▶ Work order: Your answer must be an exact copy of the records below, with no pictures in it.
□ □ □ □
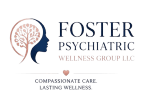 Foster Psychiatric Wellness Group, LLC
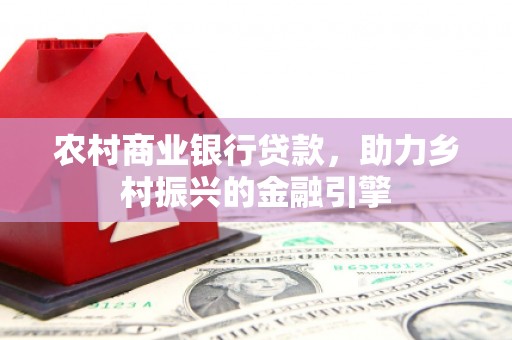 汉川农村商业银行贷款，助力乡村振兴的金融引擎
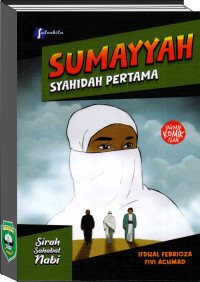 Sumayyah : Syahidah Pertama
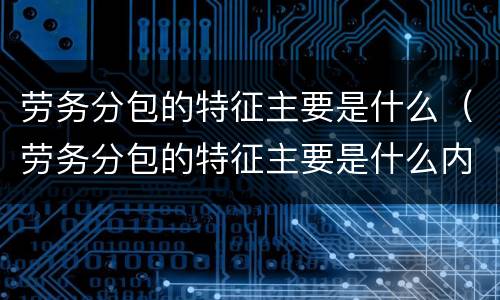 劳务分包的特征主要是什么（劳务分包的特征主要是什么内容）
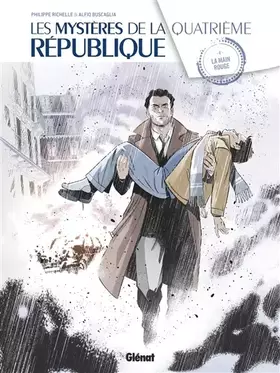 Couverture du produit · Les Mystères de la 4e République - Tome 04: La Main Rouge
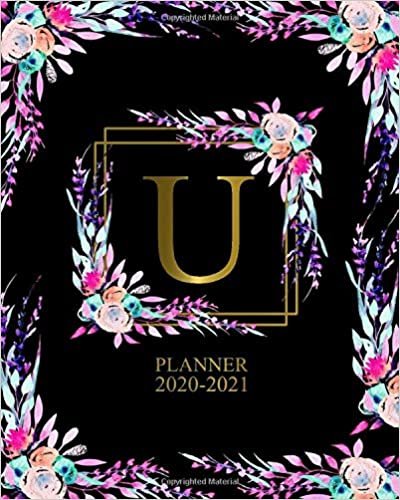 okumak 2020-2021 Planner: Neon Floral Initial Letter Monogram U Two Year Agenda &amp; Organizer - Glossy Black &amp; Gold 2 Year Calendar &amp; Diary With To-Do’s, Funny ... &amp; Inspirational Quotes, Vision Board &amp; Notes.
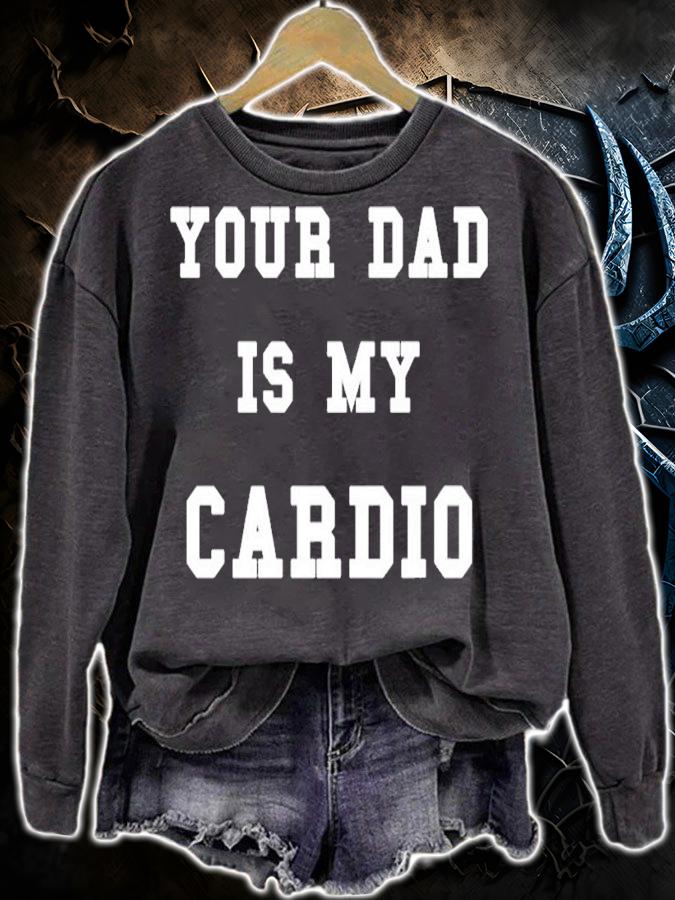Your dad is my Cardio shirt t-shirt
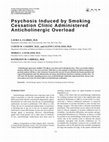 Research paper thumbnail of Psychosis Induced by Smoking Cessation Clinic Administered Anticholinergic Overload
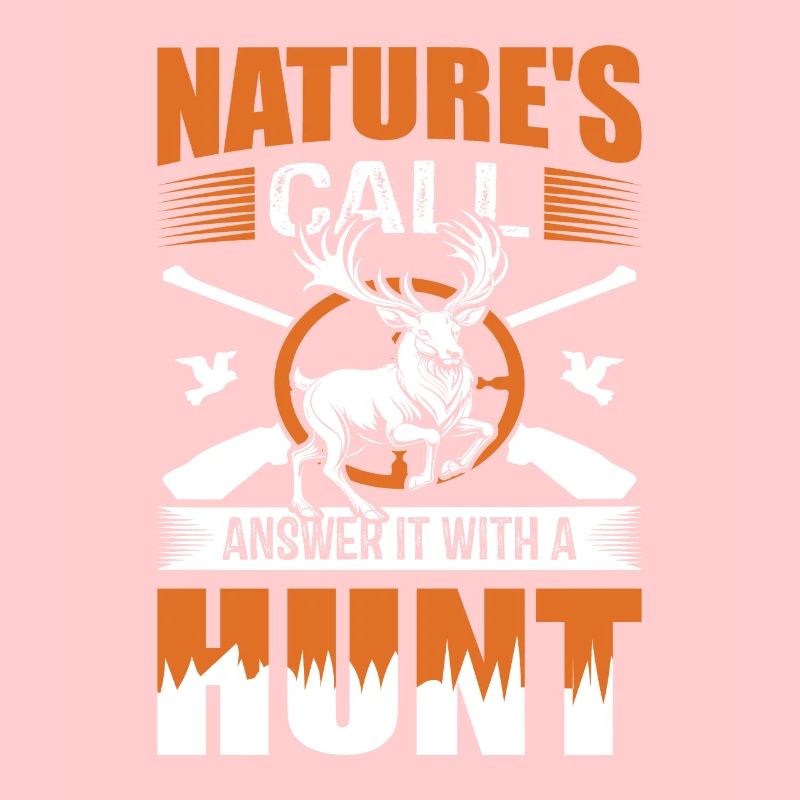 Nature's call: Answer it with a hunt.
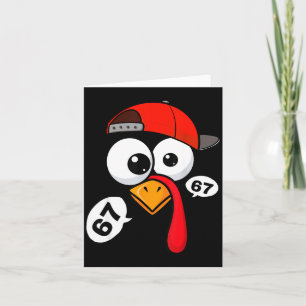 Funny Thanksgiving Turkey Face 67 Six Seven Boy Me Card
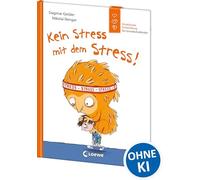 Kein Stress mit dem Stress! (Starke Kinder, glückliche Eltern): Emotionale Entwicklung für Grundschulkinder - Sachbuch zur Stressbewältigung ab 7 Jahren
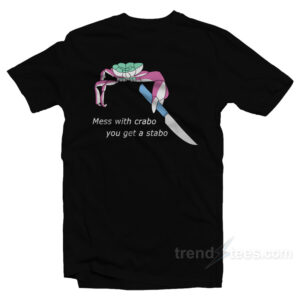 Mess With Crabo You Get Stabo T-Shirt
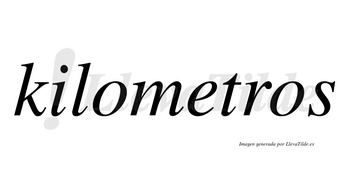 Kilometros no lleva tilde con vocal tónica en la «e»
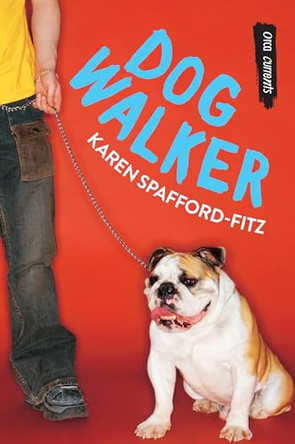 Dog Walker by Karen Spafford-Fitz 9781459833647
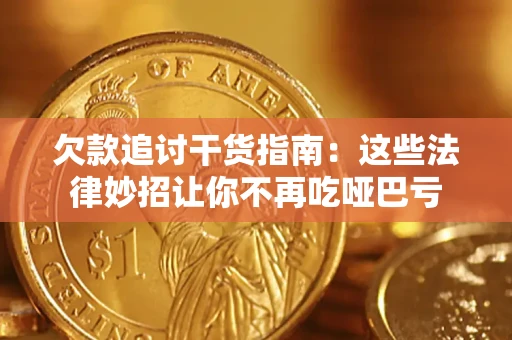 济南欠款追讨干货指南：这些法律妙招让你不再吃哑巴亏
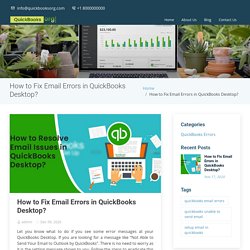 How to Fix Email Errors in QuickBooks Desktop?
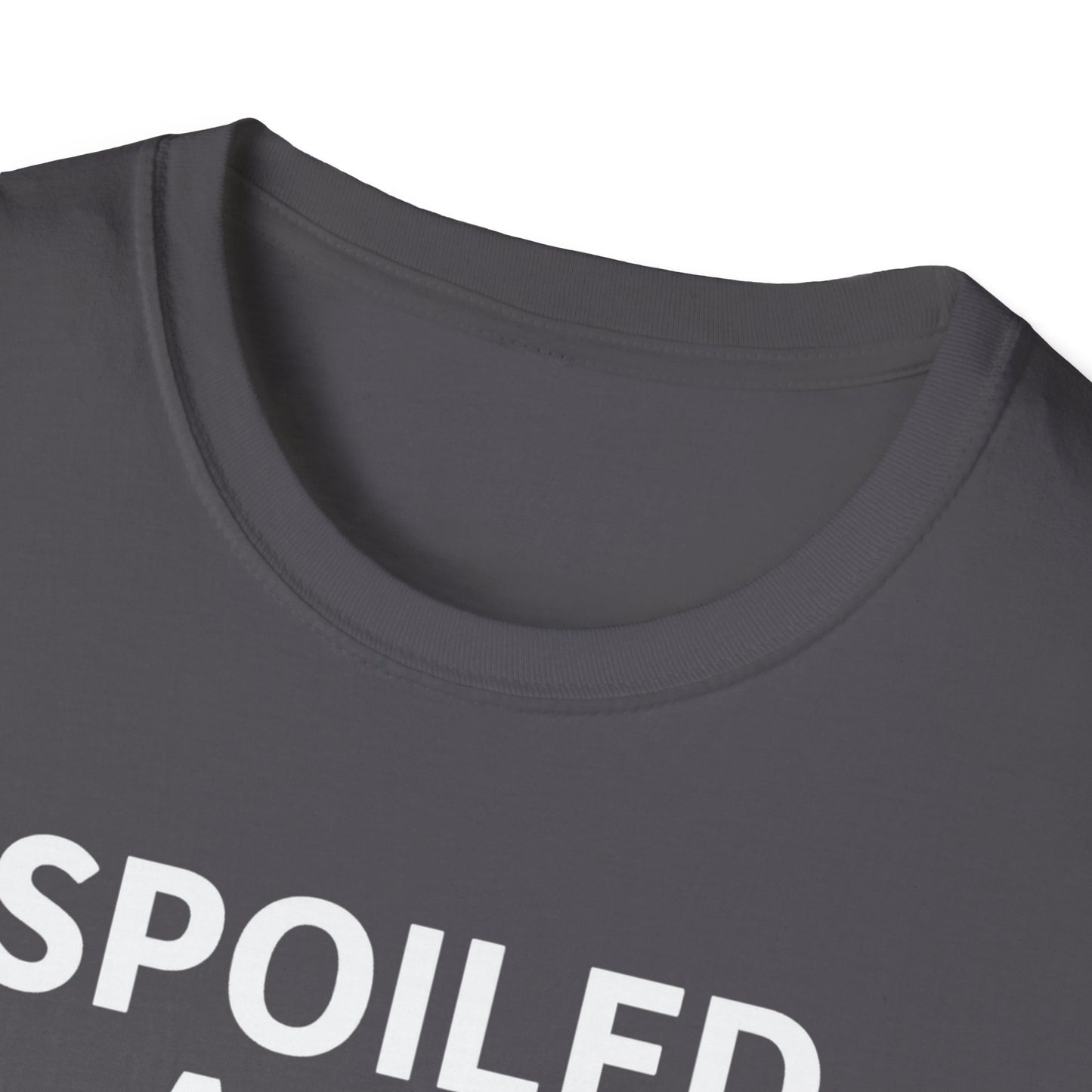 Spoiled Demands W T-Shirt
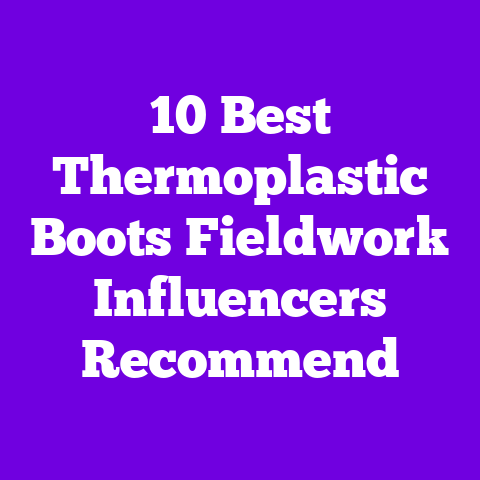 10 Best Thermoplastic Boots Fieldwork Influencers Recommend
□ □ □ □
▶ Response to this task:
 Foster Psychiatric Wellness Group, LLC
 汉川农村商业银行贷款，助力乡村振兴的金融引擎
 Sumayyah : Syahidah Pertama
 劳务分包的特征主要是什么（劳务分包的特征主要是什么内容）
 Couverture du produit · Les Mystères de la 4e République - Tome 04: La Main Rouge
 okumak 2020-2021 Planner: Neon Floral Initial Letter Monogram U Two Year Agenda &amp; Organizer - Glossy Black &amp; Gold 2 Year Calendar &amp; Diary With To-Do’s, Funny ... &amp; Inspirational Quotes, Vision Board &amp; Notes.
Your dad is my Cardio shirt t-shirt
 Research paper thumbnail of Psychosis Induced by Smoking Cessation Clinic Administered Anticholinergic Overload
 Nature's call: Answer it with a hunt.
 Funny Thanksgiving Turkey Face 67 Six Seven Boy Me Card
 Kein Stress mit dem Stress! (Starke Kinder, glückliche Eltern): Emotionale Entwicklung für Grundschulkinder - Sachbuch zur Stressbewältigung ab 7 Jahren
 Mess With Crabo You Get Stabo T-Shirt
 Kilometros no lleva tilde con vocal tónica en la «e»
 Dog Walker by Karen Spafford-Fitz 9781459833647
 济南欠款追讨干货指南：这些法律妙招让你不再吃哑巴亏
 How to Fix Email Errors in QuickBooks Desktop?
 Spoiled Demands W T-Shirt
 10 Best Thermoplastic Boots Fieldwork Influencers Recommend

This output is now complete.